When is a museum more than a museum? When it’s Oak Bluffs’ Mariposa Museum and World Culture Center, which is a welcoming, light-filled space brimming with art expressions of many kinds. The museum was established to foster an understanding of African American and African diaspora history, culture, and experience through the creativity of primarily Black artists, scholars, storytellers, and activists. Mariposa was envisioned not just as an art space but as a museum of human understanding, which through art and other forms of expression encourages understanding, equity, and an interconnected, inclusive community. The museum, now in its fourth year, has an affiliate in Peterborough, N.H., that was established in 2002.

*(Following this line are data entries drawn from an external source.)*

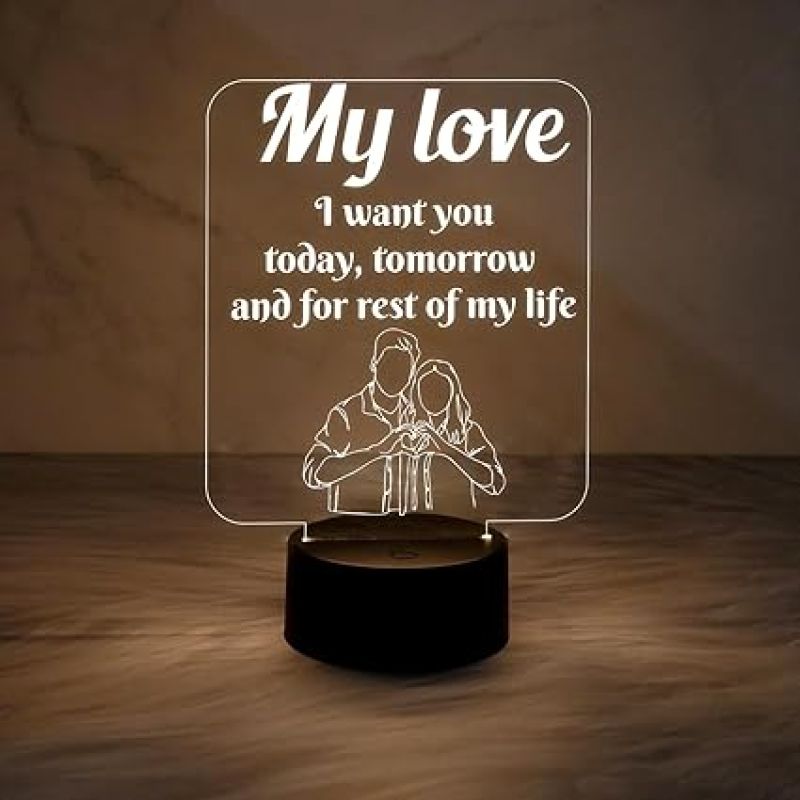 My Love Engraved Night Lamp for Couples  Warm White Light  Gift for Wife  Anniversary Gift for Wife Husband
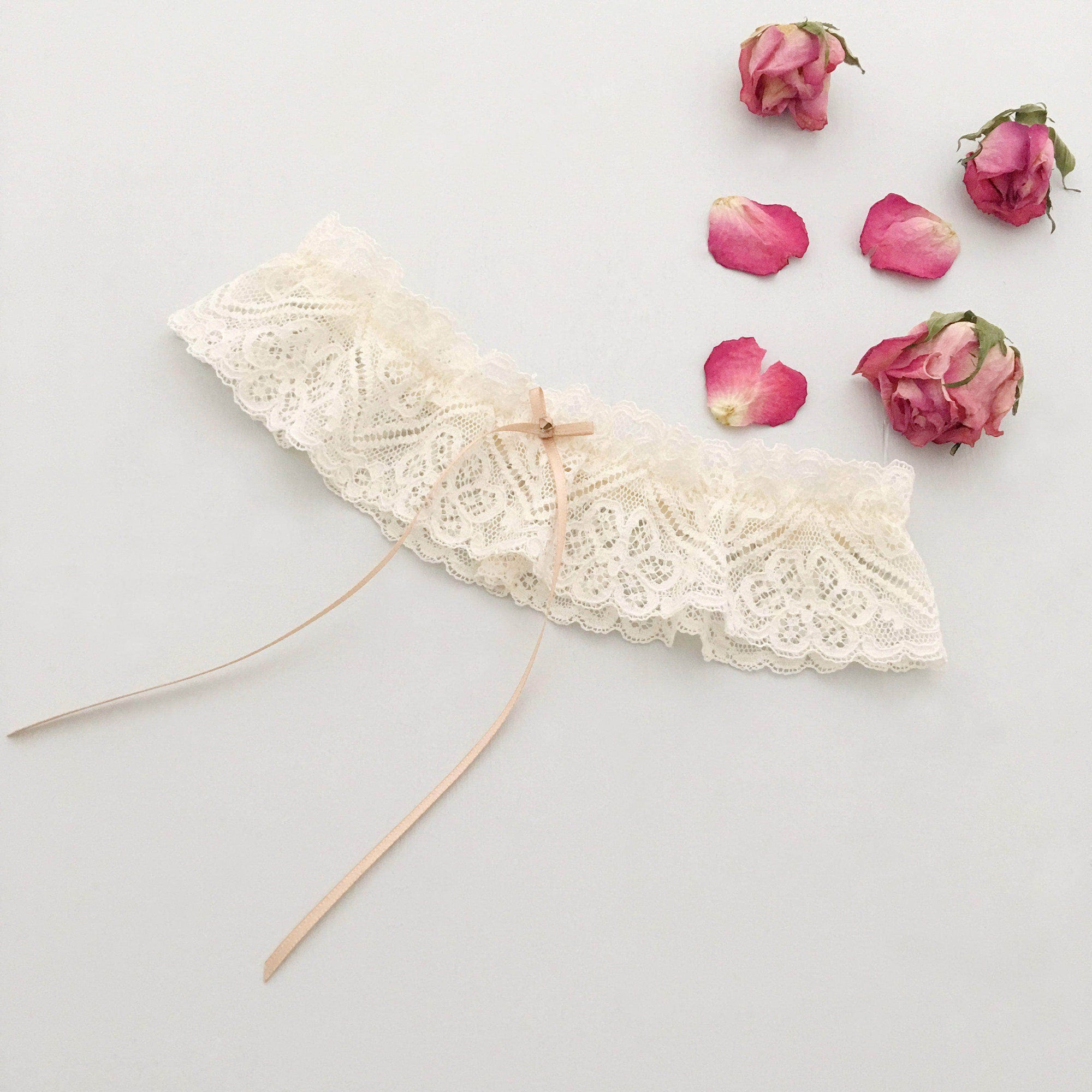 Wedding Garter Champagne lace wedding garter with satin bow - 'Zara'
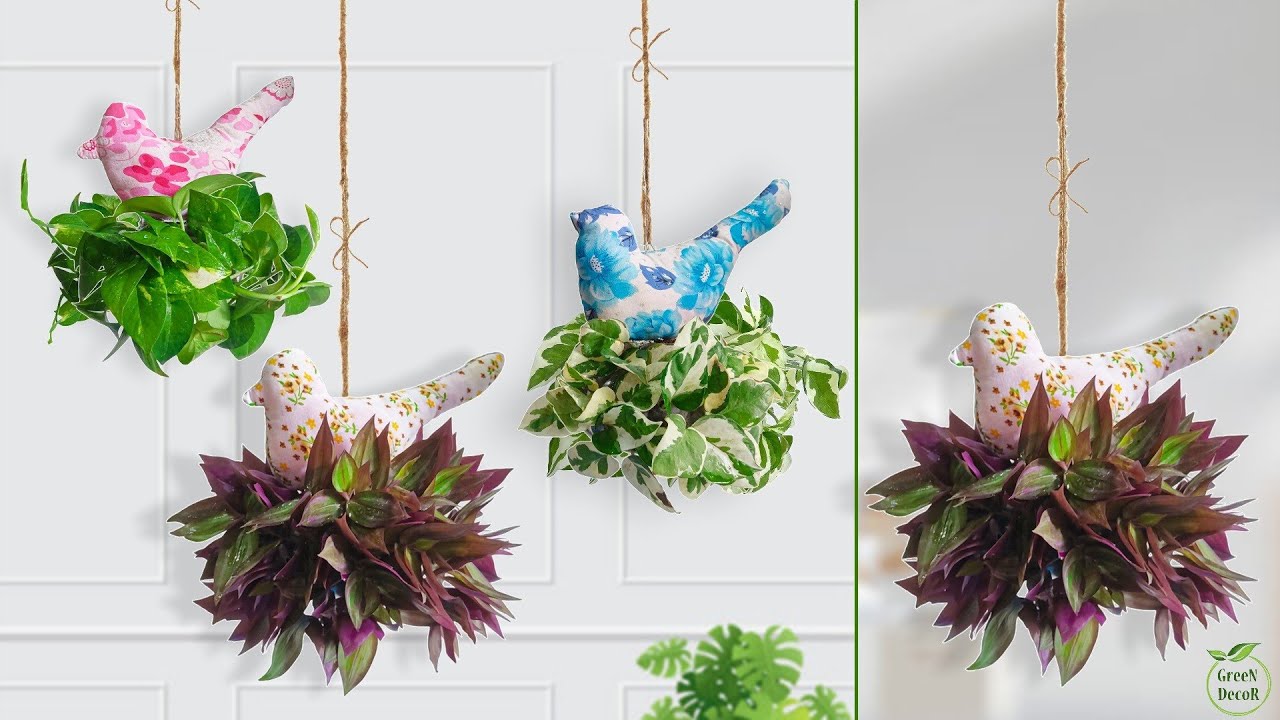 Homemade Happy Bird Ornaments Plants Decoration Ideas for Home |  House Plants Decor//GREEN DECOR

When you first walk in, there is an alluring gift shop currently filled with work from approximately two dozen artists from the Vineyard and elsewhere. In the main gallery, until mid-October, is a powerful exhibition by Senegalese photographer Omar Victor Diop, who takes on both the role of the creator and his subject, using alluring African textiles to fashion beautiful costumes that transform him into significant people in African and African diaspora history. As one of the many helpful explanatory wall labels says of his work, “The result is stunning visual theater in line with the West African studio photography tradition.” It is divided up into three different series: Diaspora, Liberty, and Allegoria. The resulting large-scale photographs are breathtaking in the intensity of their saturated colors, so that the textiles and backdrops seem to pop, and look almost painted.
For Diaspora, Diop researched images of African leaders from the 15th through the 19th centuries whose inspiring lives were left out of the historical narratives. The museum’s executive director, Karla Hostetler, says, “He has chosen African people over the five centuries who left the continent, usually because of slavery, and gone on to distinguish themselves in a new culture.” Diop challenges us to think about the expansion of identity when moving to a new place. It also encourages reflection on the meaning of diaspora — people whose lives are rooted in Africa, but become inextricably entwined with other cultures. “I would have liked to learn something about Jean-Baptiste Belley, Frederick Douglass, or Don Miguel de Castro. [The series is] a way of focusing our attention on the energy Africans have shown and the impact they have had and can still have on others,” Diop wrote.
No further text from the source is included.